## What you need to do
Restate the listing below with no word altered.

::: Data for this task :::

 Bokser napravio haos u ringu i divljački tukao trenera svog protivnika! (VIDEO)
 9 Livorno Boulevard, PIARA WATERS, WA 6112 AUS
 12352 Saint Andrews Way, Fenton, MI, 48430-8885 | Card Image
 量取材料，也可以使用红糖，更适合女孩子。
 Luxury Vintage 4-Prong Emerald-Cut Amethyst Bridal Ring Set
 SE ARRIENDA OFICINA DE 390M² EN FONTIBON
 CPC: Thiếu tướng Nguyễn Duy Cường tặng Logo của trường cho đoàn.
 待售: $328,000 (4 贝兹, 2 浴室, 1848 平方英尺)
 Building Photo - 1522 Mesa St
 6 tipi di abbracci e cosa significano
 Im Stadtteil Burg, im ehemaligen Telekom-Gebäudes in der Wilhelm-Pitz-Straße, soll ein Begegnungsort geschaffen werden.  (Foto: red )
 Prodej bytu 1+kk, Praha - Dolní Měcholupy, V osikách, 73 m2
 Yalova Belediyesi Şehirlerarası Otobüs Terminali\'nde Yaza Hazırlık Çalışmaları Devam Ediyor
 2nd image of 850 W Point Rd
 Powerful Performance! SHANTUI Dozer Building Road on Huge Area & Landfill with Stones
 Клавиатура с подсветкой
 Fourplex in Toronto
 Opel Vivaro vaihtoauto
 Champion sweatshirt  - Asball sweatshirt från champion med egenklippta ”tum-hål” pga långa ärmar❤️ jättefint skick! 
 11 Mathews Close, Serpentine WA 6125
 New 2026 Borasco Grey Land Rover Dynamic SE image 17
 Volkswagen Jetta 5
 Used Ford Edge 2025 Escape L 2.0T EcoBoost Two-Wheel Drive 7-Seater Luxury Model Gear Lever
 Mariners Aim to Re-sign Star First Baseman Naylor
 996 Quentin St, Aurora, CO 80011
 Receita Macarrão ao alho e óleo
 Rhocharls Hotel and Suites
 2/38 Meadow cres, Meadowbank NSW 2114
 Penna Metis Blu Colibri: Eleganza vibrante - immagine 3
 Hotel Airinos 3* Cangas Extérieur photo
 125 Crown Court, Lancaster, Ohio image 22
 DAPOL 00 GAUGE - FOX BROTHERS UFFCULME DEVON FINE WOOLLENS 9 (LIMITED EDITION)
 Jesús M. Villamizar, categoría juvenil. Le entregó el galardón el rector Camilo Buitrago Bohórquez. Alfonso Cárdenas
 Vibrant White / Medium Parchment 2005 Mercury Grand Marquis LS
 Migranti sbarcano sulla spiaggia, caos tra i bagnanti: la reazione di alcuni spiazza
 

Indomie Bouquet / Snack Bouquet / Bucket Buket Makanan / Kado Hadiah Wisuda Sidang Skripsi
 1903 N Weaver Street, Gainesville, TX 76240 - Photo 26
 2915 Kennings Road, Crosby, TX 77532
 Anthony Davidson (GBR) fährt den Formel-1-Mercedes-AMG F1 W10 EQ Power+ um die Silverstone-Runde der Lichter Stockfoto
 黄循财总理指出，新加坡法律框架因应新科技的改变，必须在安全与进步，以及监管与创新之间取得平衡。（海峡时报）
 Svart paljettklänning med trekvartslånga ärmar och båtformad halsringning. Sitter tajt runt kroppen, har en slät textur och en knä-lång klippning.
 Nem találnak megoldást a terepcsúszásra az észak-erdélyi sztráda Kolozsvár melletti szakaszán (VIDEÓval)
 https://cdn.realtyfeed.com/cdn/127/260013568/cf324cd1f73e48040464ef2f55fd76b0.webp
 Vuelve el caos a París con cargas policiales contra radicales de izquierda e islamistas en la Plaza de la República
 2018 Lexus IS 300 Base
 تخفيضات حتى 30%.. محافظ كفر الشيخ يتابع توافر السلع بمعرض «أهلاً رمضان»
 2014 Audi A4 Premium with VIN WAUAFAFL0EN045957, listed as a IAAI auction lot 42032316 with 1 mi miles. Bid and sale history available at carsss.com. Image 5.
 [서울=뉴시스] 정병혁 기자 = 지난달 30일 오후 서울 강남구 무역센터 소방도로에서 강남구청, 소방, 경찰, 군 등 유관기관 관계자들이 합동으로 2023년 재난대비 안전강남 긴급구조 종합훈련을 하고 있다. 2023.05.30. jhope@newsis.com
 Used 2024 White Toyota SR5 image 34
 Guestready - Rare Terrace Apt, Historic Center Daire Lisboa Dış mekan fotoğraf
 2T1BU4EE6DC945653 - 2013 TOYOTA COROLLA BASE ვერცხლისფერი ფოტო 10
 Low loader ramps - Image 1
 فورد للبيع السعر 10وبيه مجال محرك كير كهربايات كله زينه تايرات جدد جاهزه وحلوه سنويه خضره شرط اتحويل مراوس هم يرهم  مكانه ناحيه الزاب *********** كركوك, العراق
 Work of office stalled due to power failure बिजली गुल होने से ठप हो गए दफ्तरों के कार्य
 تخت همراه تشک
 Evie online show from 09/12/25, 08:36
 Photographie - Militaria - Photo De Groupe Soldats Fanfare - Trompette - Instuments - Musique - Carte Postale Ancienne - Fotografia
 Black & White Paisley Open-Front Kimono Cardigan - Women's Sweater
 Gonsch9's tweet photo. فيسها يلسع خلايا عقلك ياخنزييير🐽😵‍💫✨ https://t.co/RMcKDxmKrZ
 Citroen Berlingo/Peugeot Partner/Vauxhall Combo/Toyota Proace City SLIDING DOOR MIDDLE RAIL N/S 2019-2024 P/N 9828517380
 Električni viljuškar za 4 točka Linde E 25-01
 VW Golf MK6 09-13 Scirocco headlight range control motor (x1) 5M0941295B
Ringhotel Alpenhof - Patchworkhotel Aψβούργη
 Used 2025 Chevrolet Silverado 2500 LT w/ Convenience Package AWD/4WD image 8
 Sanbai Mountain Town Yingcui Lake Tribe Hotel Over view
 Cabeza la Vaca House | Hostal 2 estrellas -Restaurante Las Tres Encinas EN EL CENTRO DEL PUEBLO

:::

## Answer to this problem
 Bokser napravio haos u ringu i divljački tukao trenera svog protivnika! (VIDEO)
 9 Livorno Boulevard, PIARA WATERS, WA 6112 AUS
 12352 Saint Andrews Way, Fenton, MI, 48430-8885 | Card Image
 量取材料，也可以使用红糖，更适合女孩子。
 Luxury Vintage 4-Prong Emerald-Cut Amethyst Bridal Ring Set
 SE ARRIENDA OFICINA DE 390M² EN FONTIBON
 CPC: Thiếu tướng Nguyễn Duy Cường tặng Logo của trường cho đoàn.
 待售: $328,000 (4 贝兹, 2 浴室, 1848 平方英尺)
 Building Photo - 1522 Mesa St
 6 tipi di abbracci e cosa significano
 Im Stadtteil Burg, im ehemaligen Telekom-Gebäudes in der Wilhelm-Pitz-Straße, soll ein Begegnungsort geschaffen werden.  (Foto: red )
 Prodej bytu 1+kk, Praha - Dolní Měcholupy, V osikách, 73 m2
 Yalova Belediyesi Şehirlerarası Otobüs Terminali\'nde Yaza Hazırlık Çalışmaları Devam Ediyor
 2nd image of 850 W Point Rd
 Powerful Performance! SHANTUI Dozer Building Road on Huge Area & Landfill with Stones
 Клавиатура с подсветкой
 Fourplex in Toronto
 Opel Vivaro vaihtoauto
 Champion sweatshirt  - Asball sweatshirt från champion med egenklippta ”tum-hål” pga långa ärmar❤️ jättefint skick! 
 11 Mathews Close, Serpentine WA 6125
 New 2026 Borasco Grey Land Rover Dynamic SE image 17
 Volkswagen Jetta 5
 Used Ford Edge 2025 Escape L 2.0T EcoBoost Two-Wheel Drive 7-Seater Luxury Model Gear Lever
 Mariners Aim to Re-sign Star First Baseman Naylor
 996 Quentin St, Aurora, CO 80011
 Receita Macarrão ao alho e óleo
 Rhocharls Hotel and Suites
 2/38 Meadow cres, Meadowbank NSW 2114
 Penna Metis Blu Colibri: Eleganza vibrante - immagine 3
 Hotel Airinos 3* Cangas Extérieur photo
 125 Crown Court, Lancaster, Ohio image 22
 DAPOL 00 GAUGE - FOX BROTHERS UFFCULME DEVON FINE WOOLLENS 9 (LIMITED EDITION)
 Jesús M. Villamizar, categoría juvenil. Le entregó el galardón el rector Camilo Buitrago Bohórquez. Alfonso Cárdenas
 Vibrant White / Medium Parchment 2005 Mercury Grand Marquis LS
 Migranti sbarcano sulla spiaggia, caos tra i bagnanti: la reazione di alcuni spiazza
 

Indomie Bouquet / Snack Bouquet / Bucket Buket Makanan / Kado Hadiah Wisuda Sidang Skripsi
 1903 N Weaver Street, Gainesville, TX 76240 - Photo 26
 2915 Kennings Road, Crosby, TX 77532
 Anthony Davidson (GBR) fährt den Formel-1-Mercedes-AMG F1 W10 EQ Power+ um die Silverstone-Runde der Lichter Stockfoto
 黄循财总理指出，新加坡法律框架因应新科技的改变，必须在安全与进步，以及监管与创新之间取得平衡。（海峡时报）
 Svart paljettklänning med trekvartslånga ärmar och båtformad halsringning. Sitter tajt runt kroppen, har en slät textur och en knä-lång klippning.
 Nem találnak megoldást a terepcsúszásra az észak-erdélyi sztráda Kolozsvár melletti szakaszán (VIDEÓval)
 https://cdn.realtyfeed.com/cdn/127/260013568/cf324cd1f73e48040464ef2f55fd76b0.webp
 Vuelve el caos a París con cargas policiales contra radicales de izquierda e islamistas en la Plaza de la República
 2018 Lexus IS 300 Base
 تخفيضات حتى 30%.. محافظ كفر الشيخ يتابع توافر السلع بمعرض «أهلاً رمضان»
 2014 Audi A4 Premium with VIN WAUAFAFL0EN045957, listed as a IAAI auction lot 42032316 with 1 mi miles. Bid and sale history available at carsss.com. Image 5.
 [서울=뉴시스] 정병혁 기자 = 지난달 30일 오후 서울 강남구 무역센터 소방도로에서 강남구청, 소방, 경찰, 군 등 유관기관 관계자들이 합동으로 2023년 재난대비 안전강남 긴급구조 종합훈련을 하고 있다. 2023.05.30. jhope@newsis.com
 Used 2024 White Toyota SR5 image 34
 Guestready - Rare Terrace Apt, Historic Center Daire Lisboa Dış mekan fotoğraf
 2T1BU4EE6DC945653 - 2013 TOYOTA COROLLA BASE ვერცხლისფერი ფოტო 10
 Low loader ramps - Image 1
 فورد للبيع السعر 10وبيه مجال محرك كير كهربايات كله زينه تايرات جدد جاهزه وحلوه سنويه خضره شرط اتحويل مراوس هم يرهم  مكانه ناحيه الزاب *********** كركوك, العراق
 Work of office stalled due to power failure बिजली गुल होने से ठप हो गए दफ्तरों के कार्य
 تخت همراه تشک
 Evie online show from 09/12/25, 08:36
 Photographie - Militaria - Photo De Groupe Soldats Fanfare - Trompette - Instuments - Musique - Carte Postale Ancienne - Fotografia
 Black & White Paisley Open-Front Kimono Cardigan - Women's Sweater
 Gonsch9's tweet photo. فيسها يلسع خلايا عقلك ياخنزييير🐽😵‍💫✨ https://t.co/RMcKDxmKrZ
 Citroen Berlingo/Peugeot Partner/Vauxhall Combo/Toyota Proace City SLIDING DOOR MIDDLE RAIL N/S 2019-2024 P/N 9828517380
 Električni viljuškar za 4 točka Linde E 25-01
 VW Golf MK6 09-13 Scirocco headlight range control motor (x1) 5M0941295B
Ringhotel Alpenhof - Patchworkhotel Aψβούργη
 Used 2025 Chevrolet Silverado 2500 LT w/ Convenience Package AWD/4WD image 8
 Sanbai Mountain Town Yingcui Lake Tribe Hotel Over view
 Cabeza la Vaca House | Hostal 2 estrellas -Restaurante Las Tres Encinas EN EL CENTRO DEL PUEBLO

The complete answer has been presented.